Разрушение храма Христа Спасителя
Кабинет, в котором я работал в Наркомснабе СССР, окнами выходил в сторону Зарядья, южной стены Кремля, храма Христа Спасителя. Это дало мне и моим коллегам возможность наблюдать из помещения производившиеся весной 1932 года работы по разборке этого грандиозного здания. Я наблюдал эти работы с большой грустью: ведь собор — памятник Отечественной войны 1812 года, его строили почти 50 лет (с 1837-го по 1883 год) на деньги, собранные с народа. Пусть архитектура собора оставляет желать лучшего, но он производил впечатление своим величием, своим замечательным алтарем, выдержанным в стиле старых русских шатровых храмов, своими великолепными стенами из мрамора с выгравированным на них наименованием полков и воинских частей, а также отдельных лиц, отличившихся в Бородинском сражении. война 1812 года — это не война Александра Первого и Наполеона, не русских дворян против принципов Французской революции. Это — народная война, где победу решил не русский Бог, не крепкие морозы, а русский народ. И разрушение этого памятника — 50 лет красовавшегося над Москвой (его было видно со всех подъездных путей к Москве), бывшего выражением славы народной, вызывало чувство неприязни к тем, кто был повинен в этом разрушении, и чувство оскорбленной народной гордости…
Тени дома Литераторов
Под занавес 2022-го рождественским подарком явился (увы, ограниченным тиражом) изданный меценатом Михаилом Раскиным образец полиграфического искусства: фолиант «Тени дома литераторов», щедро иллюстрированный уникальными фотографиями — итог моих многолетних наблюдений и сердца горестных, ностальгических замет. Почему ностальгических? Отвечаю пассажем о праздновании Новых годов и Старых Новых годов в диковинном особняке, распростертом меж большой Никитской и Поварской улицами:
«…Рано утром 31 декабря мама уезжала на работу. На ней лежала ответственность за встречу писательского Нового года. Это было чрезвычайно важное, почти государственного значения мероприятие. мама наблюдала за расстановкой столов. Для именитых и обласканных властью мастеров слова — в Дубовом зале; для тех, кто не снискал высоких почестей, — в Пестром зальчике; для рядовых членов СП — в фойе… Но и гужеваться в фойе было необычайно почетно. Однажды на встрече Старого Нового года именно в фойе пировал сын Юрия Андропова, всемогущего руководителя КГБ, а затем и всего Советского Союза, я видел его своими глазами, поскольку оказался за соседним столиком.

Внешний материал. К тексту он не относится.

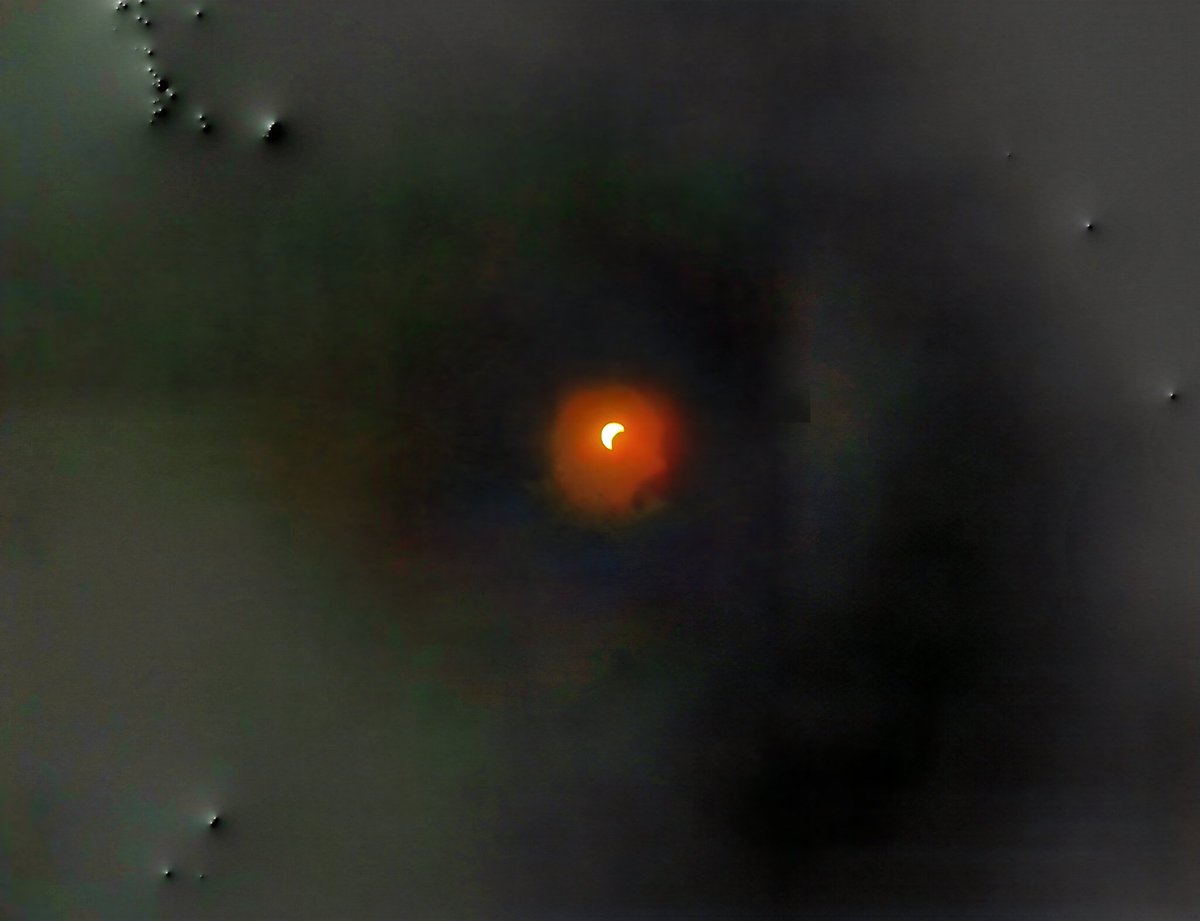 wdiblasio's tweet image. 🌙 Solar Eclipse (2017-8-21 cell phone capture) #SolarEclipse #solareclipse2017 #sun #cellphone @ThePhotoHour @StormHour @StormHourAdele @StormHourMark @StormHourMedia @NASASun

В предновогодние дни в нашей квартире неумолчно звонил телефон: еще кто-то изъявлял желание провести карнавальную ночь в писательском сообществе, а кто-то требовал, чтоб его переместили в более престижный зал… Списки составлялись заранее и утверждались на заседаниях Правления — сей ареопаг, состоявший из непререкаемых, авторитетных «инженеров человеческих душ», выносил коллегиальное решение: кому где по ранжиру находиться… Бывали исключения: в последний миг еще кого-то из небожителей осеняло намерение примкнуть к веселому братству… Прибывал из Гагр директор тамошнего дома творчества Гугуша Тарасович… Или внезапно возвращался из загранкомандировки корреспондент влиятельной газеты (по совместительству разведчик, он этого не скрывал) и непременно желал попасть в круг служителей муз (разумеется, в Дубовый зал: по статусу ему это полагалось)…
Отмечали в ЦДЛ и Старые Новые года… Гвоздем программы были лотереи. Главный приз — жареный поросенок. Не обходилось без подтасовок и подыгрываний, на что, впрочем, смотрели сквозь пальцы. Столы ломились, настроение у всех было благодушное».